We Have a Deal?


usI made the girl a deal today.
I’ve been stressing over the time it takes to watch her, since she can’t be trusted alone and refuses to toe the line enough to be allowed privileges. That means I can’t write or make music or anything else because she wants constant attention, like an oversized infant.
She’s never learned how to work for and achieve positive attention. We’ve tried–the lessons just don’t get absorbed.
And this has been my issue since she was introduced to our household, and I was deputized to take care of her (nobody told me she was coming), without my knowledge or approval.

The only thing that kept me alive through my long convalescence from the life-threatening developments of sepsis and ARDS was my conviction that I would finally be able to do the writing and composing that I had always meant to, to take the time to publish more than occasionally, to improve as a musician and as a person…
And that was taken from me when this unruly eight-year-old arrived.
Angry! Resentful! Awash in a sea of self-pity and regret!
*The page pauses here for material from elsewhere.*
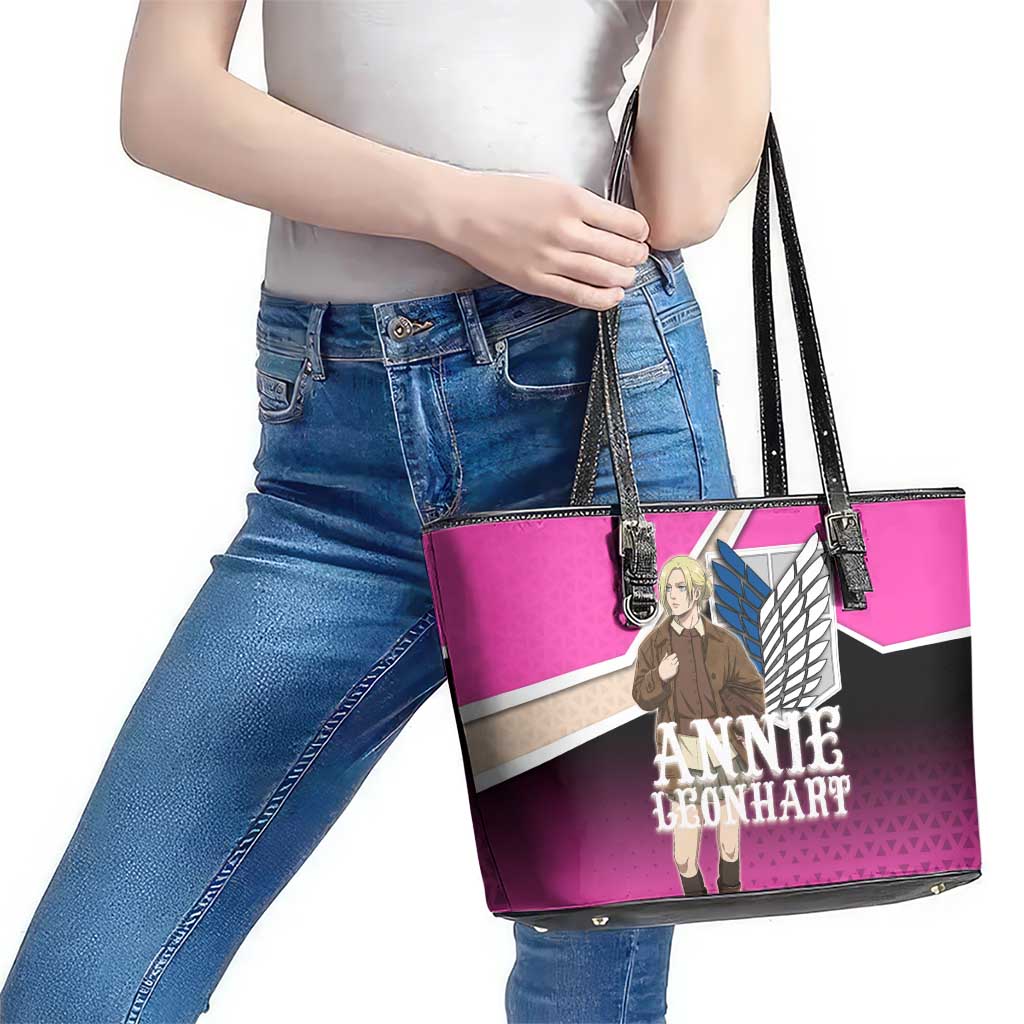 Annie Leonhart Attack on Titan Leather Tote Bag Anime Preppy Streetwear Style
Tumbling headfirst into a black depression that had been beckoning to me anyway.
I can compose music effectively when I’m depressed. Can’t write prose worth a damn. I don’t have the energy to work with metaphor, to deal in meta, to conjure character.
Made lots of angry prog music…eventually broke the depression and the regret. Still resentful. Probably always will be.
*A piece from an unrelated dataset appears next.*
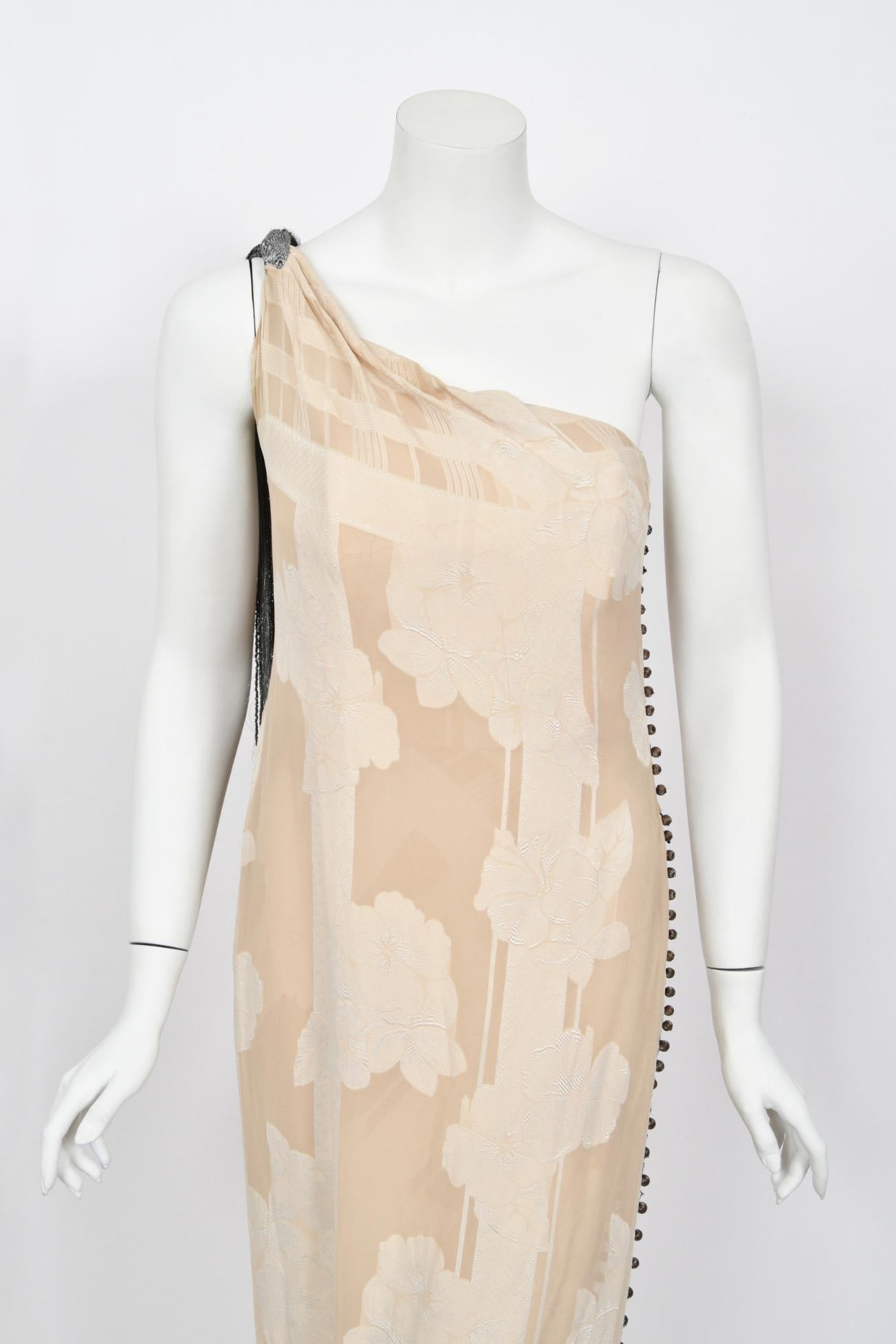 1998 Christian Dior by John Galliano Ivory Silk Beaded Tassels Grecian Gown 2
And the girl still needs to learn positive attention-seeking, like we writers seek when we write.
This school year, her class newsletters were full of stuff from the faculty about how they were going to teach story critique and construction, concentrate on reading and writing, und so weiter.
I didn’t see so much of that.
But there’s gonna be some.
Was chatting with the child today, and she likes being read to, and wants to learn how to tell stories. As she’s a liar, I think she’s laid the groundwork. I was a liar too. Gore Vidal said that’s how you can tell if a child is an incipient novelist.
Tolkien to the rescue. She’s ten. She likes Disney princesses. The jump is not that big.
So, in a week, we’re going to start reading the Hobbit together. And we’re going to talk about it, as experience, and as story. We’re gonna look at the who, what, where, when, and why, and sometimes the how, and then we’re going to write book reports and then, and then, some Tolkien pastiche. And then some other short work, and we’re gonna look at some other famous stories.
That’s right—we’re gonna read and write together. She gets the one on one attention, I get the writing time. In August, she starts writing for reals. IF this experiment works, and IF she writes a passable short, then we’ll sit down and edit her copy and gussy it all up, and I’ll publish her piece as a book.
And she can go to school, and sit there quietly reading her book, with her name on the cover, and wait for the question.
“Is that YOUR name on the cover? How’d THAT happen?”
“I wrote it.”
And then I’m going to write a children’s book. And I’ll probably set it in Ulthar.